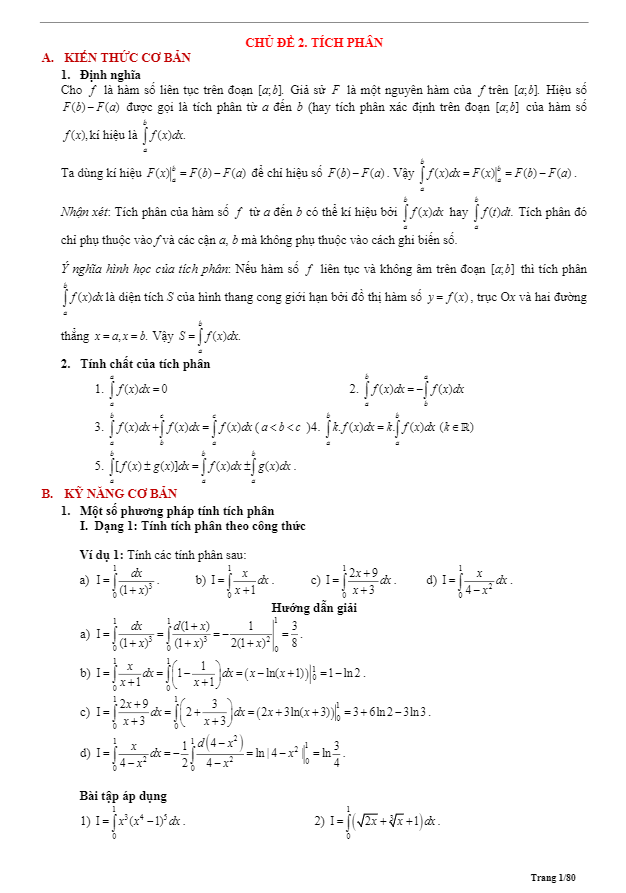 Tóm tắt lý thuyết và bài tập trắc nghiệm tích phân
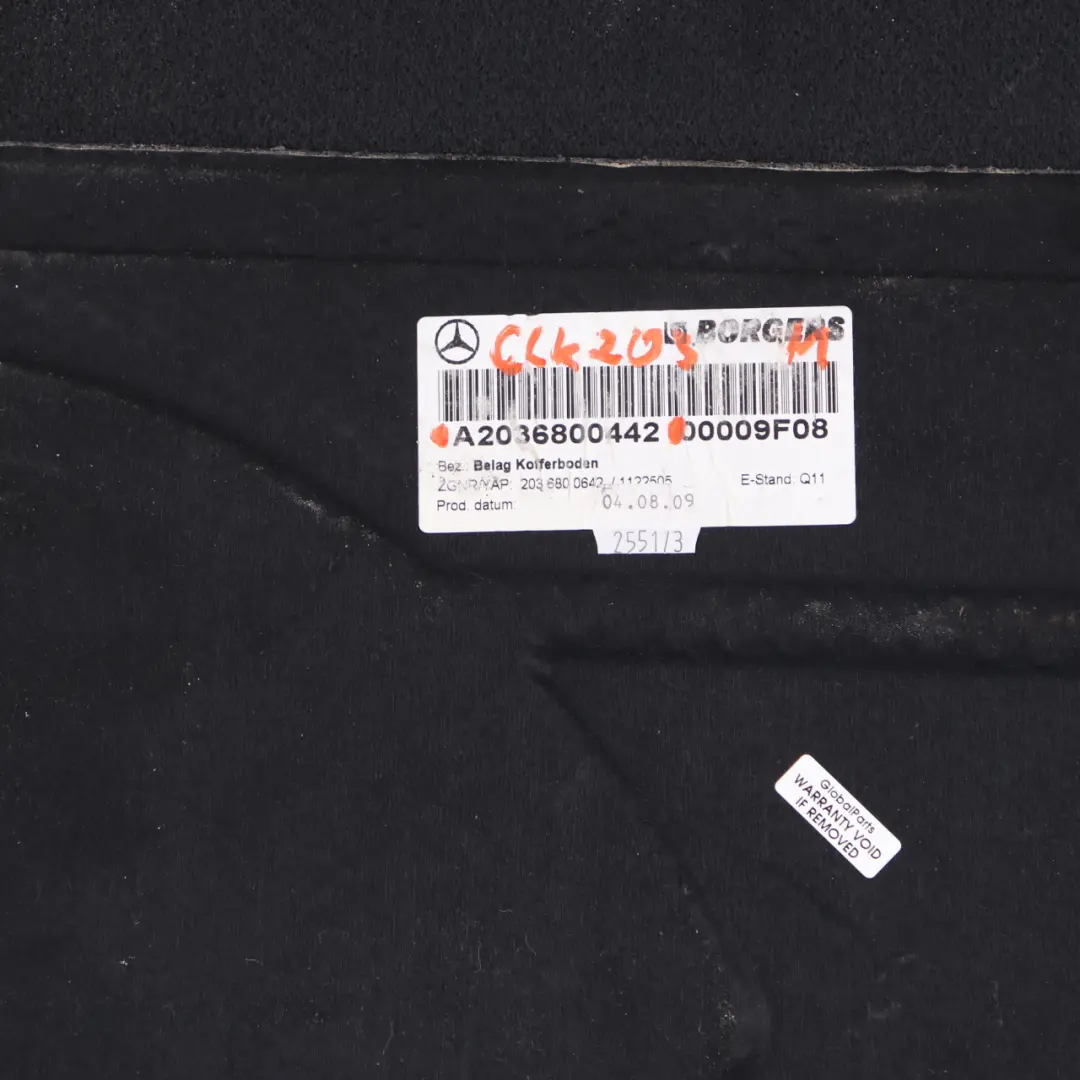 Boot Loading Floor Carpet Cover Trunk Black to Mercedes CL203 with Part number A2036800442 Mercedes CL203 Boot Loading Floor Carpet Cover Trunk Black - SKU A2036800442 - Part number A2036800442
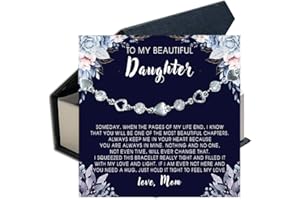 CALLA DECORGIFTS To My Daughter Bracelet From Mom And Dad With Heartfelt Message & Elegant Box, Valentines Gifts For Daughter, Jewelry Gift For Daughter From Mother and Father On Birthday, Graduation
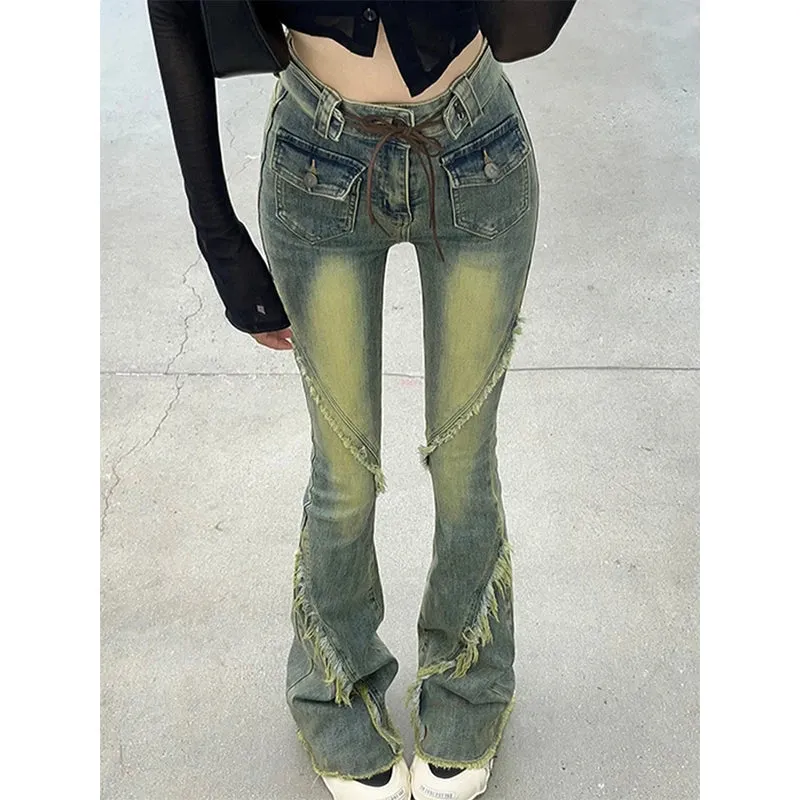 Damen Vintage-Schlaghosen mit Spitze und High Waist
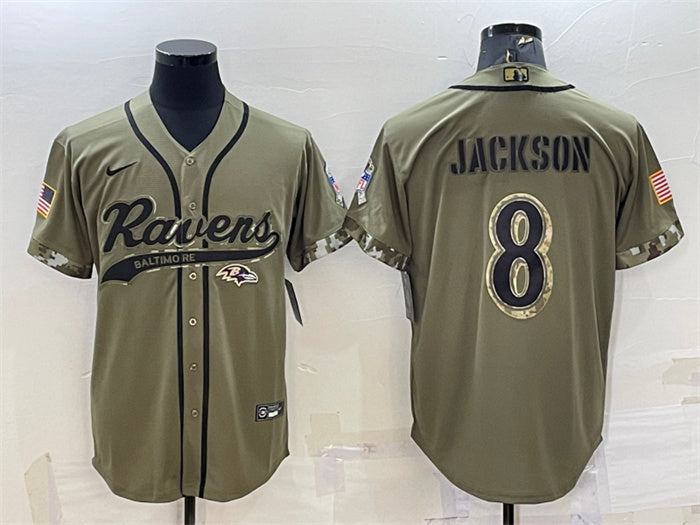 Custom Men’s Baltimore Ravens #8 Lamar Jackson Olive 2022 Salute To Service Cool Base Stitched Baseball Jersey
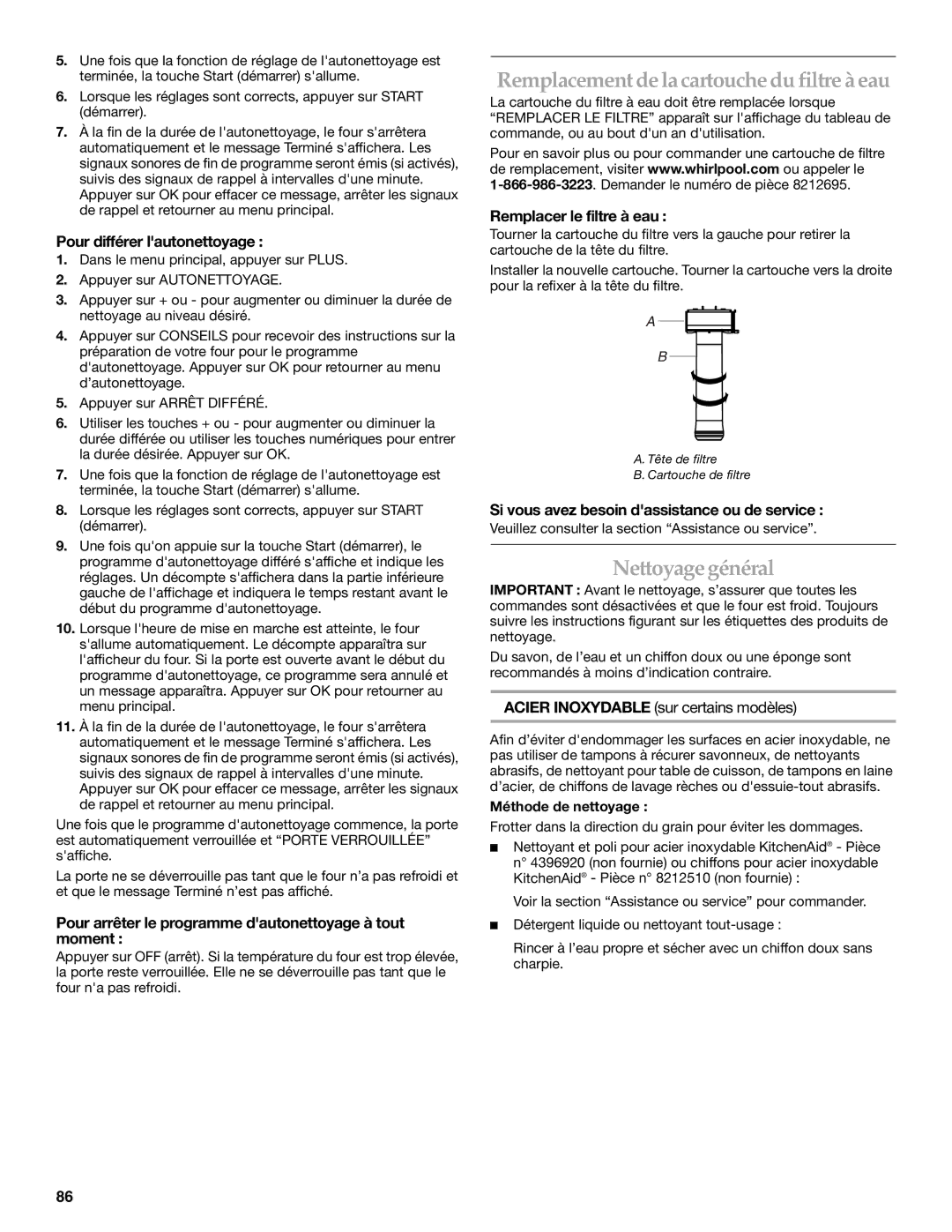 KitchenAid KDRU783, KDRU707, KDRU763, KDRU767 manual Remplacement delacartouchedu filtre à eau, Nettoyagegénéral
==================================================
* ASSIGNMENT: From the line that contains "Boot Loading Floor Carpet Cover Trunk Black to" to the last line of the records above, copy each line exactly, both ends included, and leave the pictures out.

* ANSWER BOX:
 Boot Loading Floor Carpet Cover Trunk Black to Mercedes CL203 with Part number A2036800442 Mercedes CL203 Boot Loading Floor Carpet Cover Trunk Black - SKU A2036800442 - Part number A2036800442
 CALLA DECORGIFTS To My Daughter Bracelet From Mom And Dad With Heartfelt Message & Elegant Box, Valentines Gifts For Daughter, Jewelry Gift For Daughter From Mother and Father On Birthday, Graduation
 Damen Vintage-Schlaghosen mit Spitze und High Waist
 Custom Men’s Baltimore Ravens #8 Lamar Jackson Olive 2022 Salute To Service Cool Base Stitched Baseball Jersey
 KitchenAid KDRU783, KDRU707, KDRU763, KDRU767 manual Remplacement delacartouchedu filtre à eau, Nettoyagegénéral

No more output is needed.